The regulatory and legal framework for security tokens

  • How do we fit security tokens as a new asset class into the existing regulatory framework for the regulation of securities. That's what the SEC has been trying to do over the last three years in dealing with these assets.

  • There will certainly be adjustments to regulation over time, but there is a framework for how securities are offered, how securities are traded, how securities are held, how securities are marketed. If a digital asset is a security, then that framework should apply.

  • It is a lot easier, because this is a new type of asset. It has some indicia of a traditional security but it also has characteristics of a different kind of economic arrangement between the holder and the issuer of that asset.

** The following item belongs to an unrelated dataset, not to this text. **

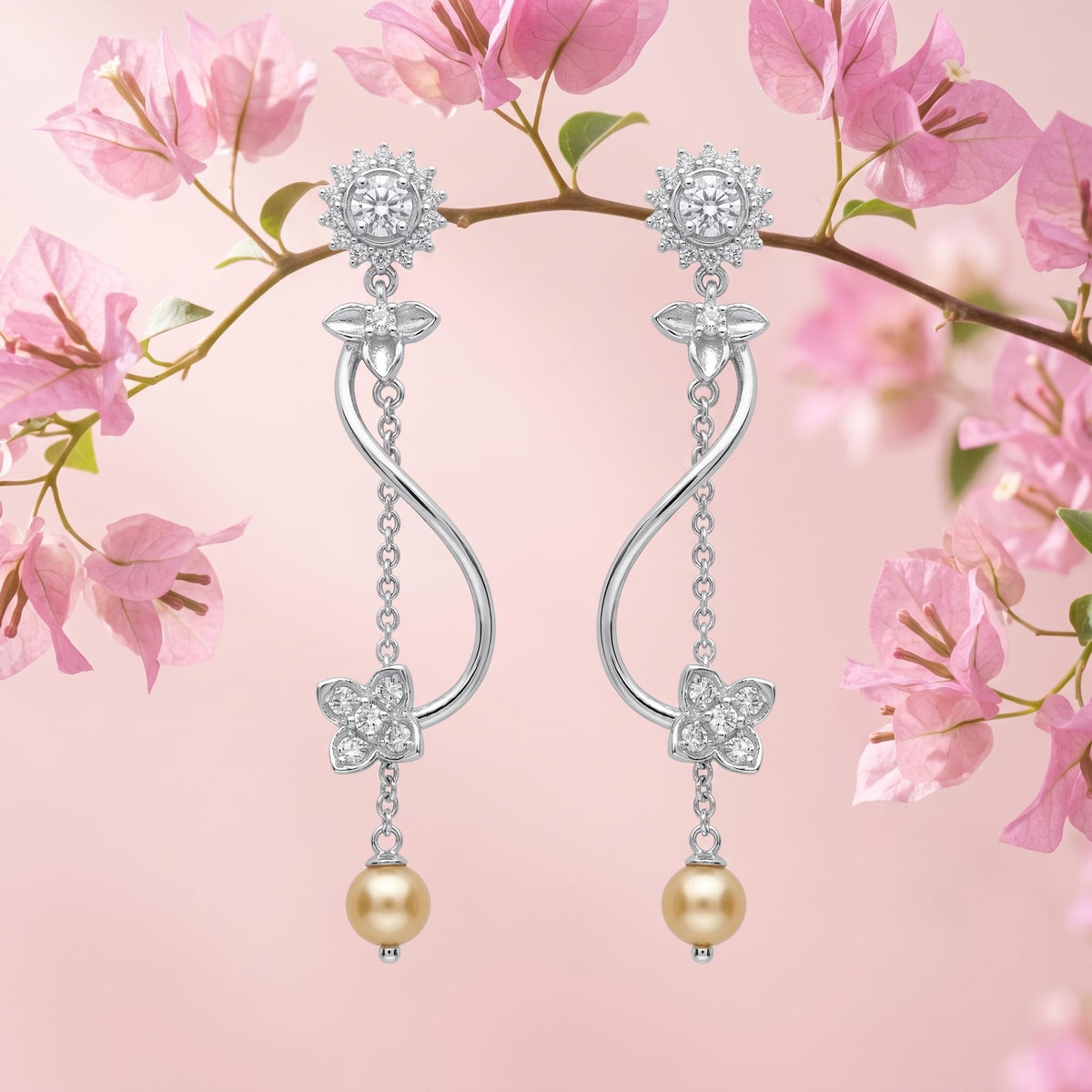 SILVME 925 Sterling Silver Sunflower Stone-Set Pearl-Look Accent Tassel Drop Earrings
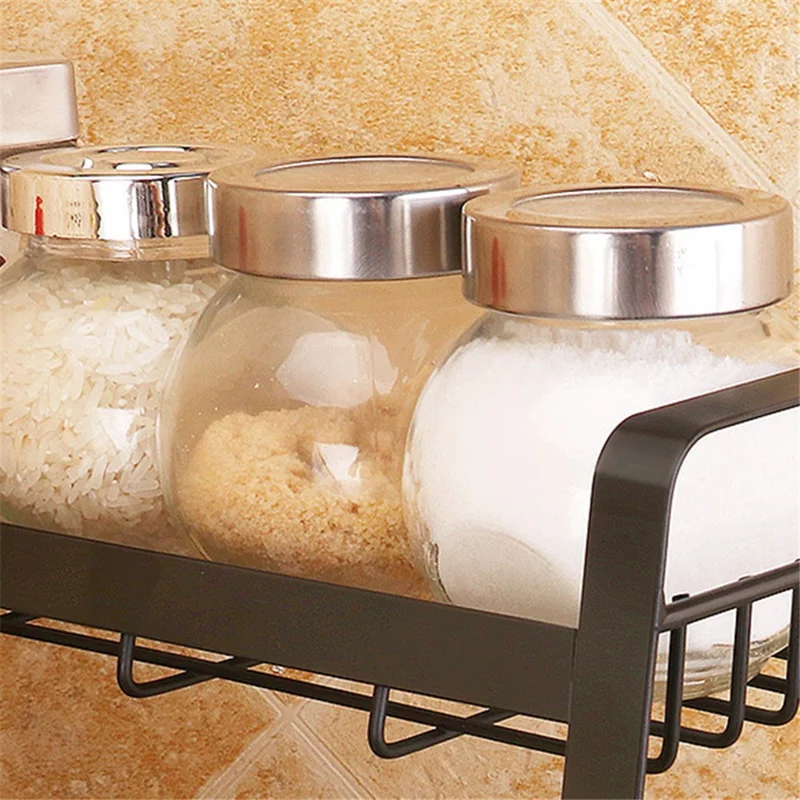 008YC1012-13 Iron Wire 3-Layer Multi-purpose Storage Rack Kitchen Spice Shelf - Flat Bottom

  • The SEC's approach to date has been started with, and we think rightfully so, getting rid of fraud.

  • It is said that that, in 2016, 2017, as the price of Bitcoin increased almost exponentially, there was a great deal of enthusiasm for the potential, what was seen as the potentially transformative properties, of digital assets and initial coin offerings as being the new way to raise capital outside of traditional channels and without the involvement of traditional intermediaries.

  • That motivated a large number of, in many cases, unscrupulous actors and in other cases, obviously, good faith actors to become interested in initial coin offerings as a capital-raising mechanism or a new way to structure their business.

  • The SEC focused early on defining digital assets that might be securities in a way that is quite broad using the traditional catchall test that has emerged under a body of Supreme Court jurisprudence, focusing on a test called the SEC vs. W.J. Howey Co. This is a catchall test for an investment when an arrangement or structure or transaction constitutes an investment contract.

  • The SEC deployed this weapon to address what it saw as investors essentially getting ripped off and the prevalence of fraud in the space.

  • Over time, the SEC's focus has shifted somewhat from policing issuers with potentially obvious fraud, shall we say, or in some cases, that's arguable, but at least policing offerings that have the indicia of fraud to policing cases where issuers have issued tokens in violation of the securities laws but not necessarily involving fraud.

  • So, making more technical violations of the securities laws and not necessarily engaging in wrongdoing vis-à-vis their investors other than not registering with the SEC.